Events gaining momentum
Clearly, then, it is still early days. But Carty emphasises that the faculty’s events programme is now gaining momentum. As well as the annual conference, the intention is to hold a leadership forum in Liverpool in October, and more details on this will be published as they become available, while a programme of webinars was launched over the summer.
A three-day training course on getting into occupational health nursing is also being developed, hopefully to be delivered near the end of this year. “It is primarily for nurses who may be thinking of retraining to come into occupational health, but also for people perhaps in allied health professions who are considering occupational health as a career move,” says Carty.

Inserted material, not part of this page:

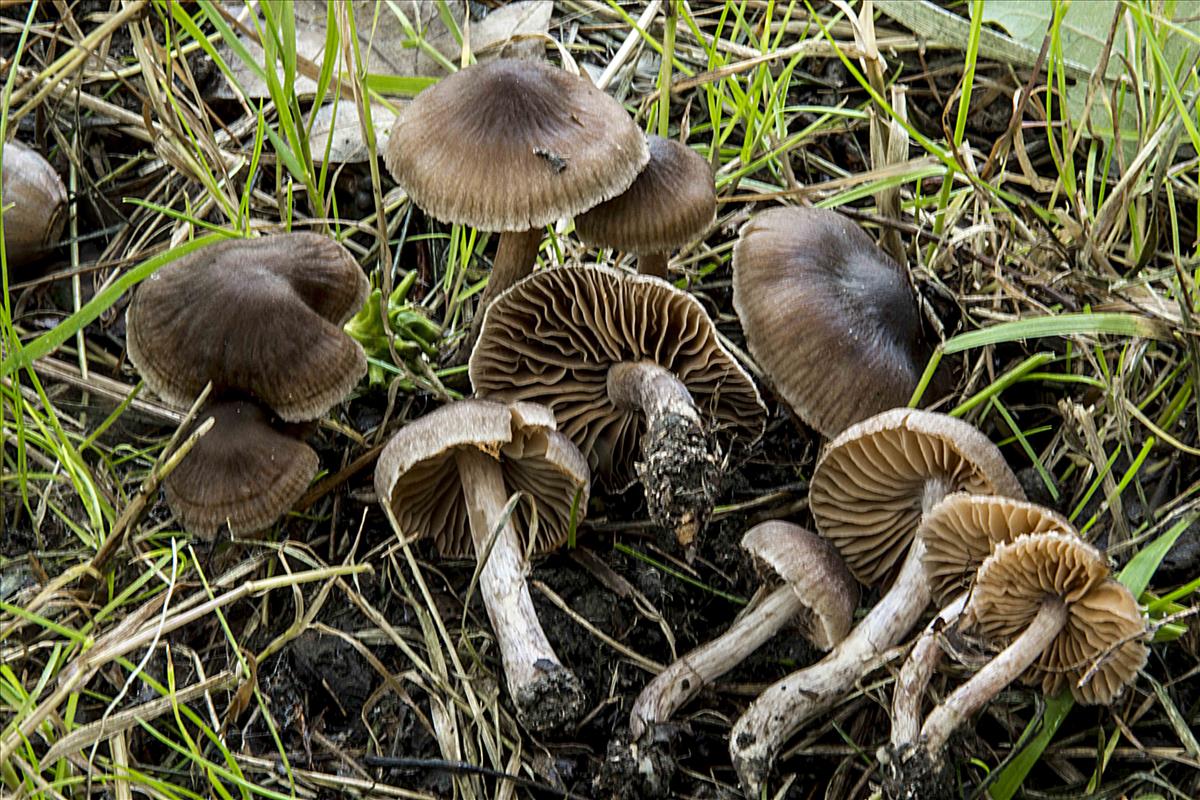 Cortinarius caliginosus (door Nico Dam)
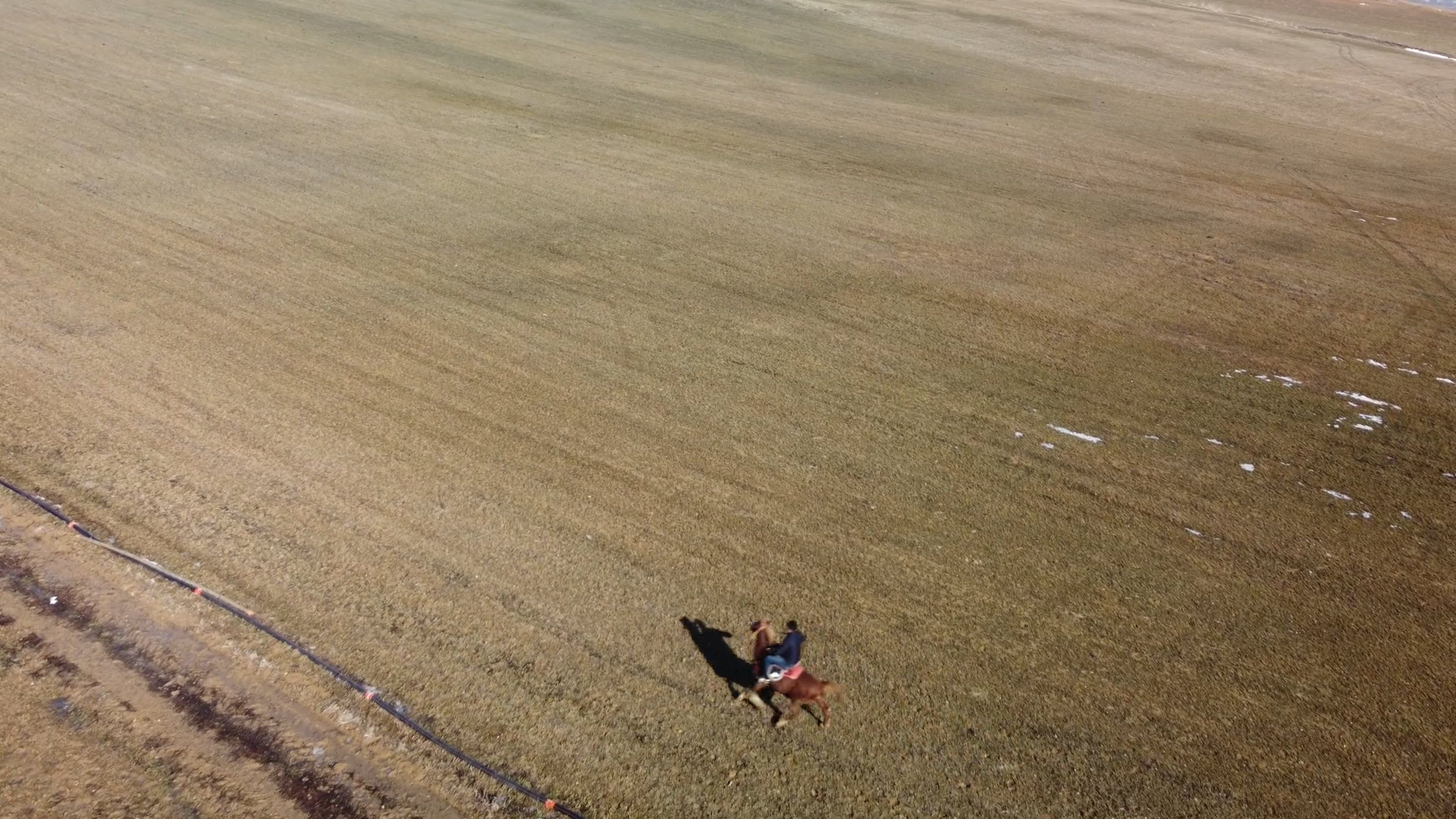 Horse Rider on Field Free Stock Video Footage, Royalty-Free 4K & HD ...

“It is all about trying to promote occupational health nursing as being a proper specialism, a proper specialty, as well as working to guide people who want to come into the profession,” she adds.
The organisation’s committee structure is well underway, too, with committees being set up to look at education and professional development, and quality and practice. A suite of guidance documents for employers on how better to understand occupational health, OH roles and what everyone does and can deliver within OH is also set to be published.
A workshop “Shaping the future of OHN education” was held in January, and the faculty is continuing to work closely with a range of OH organisations, including the National School of Occupational Health, the Society of Occupational Medicine, the Nursing and Midwifery Council (NMC), the Council for Work and Health and the government’s Health and Work Unit, among others.
With the NMC, the faculty is part of the council’s independent review into nursing standards. The faculty is also spending time engaging with the Centre of Occupational and Environmental Health as part of The Occupational Health and Research Network (THOR) on work being done around changing the eligibility for reporting to include occupational health nurses.
Finally, and just as importantly, there is the faculty’s advocacy role. The annual conference and other public events as they come on stream clearly have a part to play in this, as does the gradually developing pipeline of activity and publications.
Indeed – full disclosure – I was an invited speaker at the conference in Bristol, and spoke about the importance and value of OH nurses putting themselves out for public scrutiny by writing for publication, whether that be academic research, best practice articles and case studies (for example within Occupational Health & Wellbeing or other peer or professional publications), blogs or other online content.
And this is something that, as Butterworth highlights, will hopefully develop and gain its own momentum over time. As she puts it: “Our role is about helping people who want to come into the profession to know what they need to know. But we also have an important role in terms of developing and being a voice for occupational health nurses.
“It is about ensuring that nurses’ viewpoints are heard, that occupational health nursing is being heard,” she adds.
To use a gardening analogy, it is arguable that the past nine to 10 months have been about the faculty germinating the seed and bedding down the roots. Even if currently the shoots from this are still relatively small, from these, hopefully over time, will come the growth and voice the specialty needs.